● Work to complete:
If a line in the entries contains the string "Black", include that line in your answer.

● Input records:
----------
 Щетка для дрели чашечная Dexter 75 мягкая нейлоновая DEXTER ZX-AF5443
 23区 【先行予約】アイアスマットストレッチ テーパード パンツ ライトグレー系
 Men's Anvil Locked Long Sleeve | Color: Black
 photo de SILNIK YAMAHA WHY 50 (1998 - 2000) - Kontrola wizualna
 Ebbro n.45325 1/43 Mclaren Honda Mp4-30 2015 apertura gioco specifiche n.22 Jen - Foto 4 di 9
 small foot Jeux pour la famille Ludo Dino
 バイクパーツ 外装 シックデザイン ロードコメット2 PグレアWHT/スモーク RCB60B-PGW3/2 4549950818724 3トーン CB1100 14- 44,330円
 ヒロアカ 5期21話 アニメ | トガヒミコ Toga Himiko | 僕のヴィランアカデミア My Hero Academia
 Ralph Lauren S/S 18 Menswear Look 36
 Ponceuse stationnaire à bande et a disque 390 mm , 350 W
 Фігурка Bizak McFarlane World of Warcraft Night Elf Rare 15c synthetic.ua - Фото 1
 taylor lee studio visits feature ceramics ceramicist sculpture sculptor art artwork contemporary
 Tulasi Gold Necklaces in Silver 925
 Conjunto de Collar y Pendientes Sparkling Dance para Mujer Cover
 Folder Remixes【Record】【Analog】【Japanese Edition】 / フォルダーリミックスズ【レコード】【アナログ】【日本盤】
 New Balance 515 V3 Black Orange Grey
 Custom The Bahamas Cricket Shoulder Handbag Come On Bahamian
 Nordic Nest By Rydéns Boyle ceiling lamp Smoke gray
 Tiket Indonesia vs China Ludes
----------
● Your response:
 Men's Anvil Locked Long Sleeve | Color: Black
 New Balance 515 V3 Black Orange Grey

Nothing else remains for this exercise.